The Wages of Sin: Financial Fraud and the Creation of the Evangelical Council for Financial Accountability

Saturday, January 4, 2020: 2:30 PM
Nassau West (New York Hilton)
William Schultz, Princeton University
The paper uses the creation of the Evangelical Council for Financial Accountability (ECFA) to examine how religious communities deal with the problem of financial fraud. The late 1970s witnessed widespread calls to regulate religious fund raising, motivated by fears about “fringe” religions like the Hare Krishnas and the Unification Church and by the increasing use of direct mail by religious organizations. One particularly notorious case was that of the Pallottine Fathers, a Catholic order which used direct mail to raise millions of dollars—but which used only a sliver of that money for actual charitable work. Revelations about the Pallottine Fathers led several congresspeople to propose bills to tighten the regulations on charities that solicited funds through mail. Evangelical leaders responded to this debate by creating a new organization, ECFA, which would give a seal of approval to evangelical organizations which followed certain principles of financial transparency.

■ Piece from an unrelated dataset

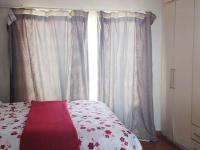  of property in Tlhabane West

ECFA attempted to solve an age-old problem: how to prevent the strong ties nurtured by religion from being turned to fraudulent ends. That problem proved especially vexing within the world of evangelical Christianity, with its long tradition of religious entrepreneurs acting without oversight. In a fractious, individualistic community like American evangelicalism, could any one organization speak for—and police—the whole? This paper will examine how some evangelical leaders tried to resolve this dilemma through the application of financial best practices to the realm of religion.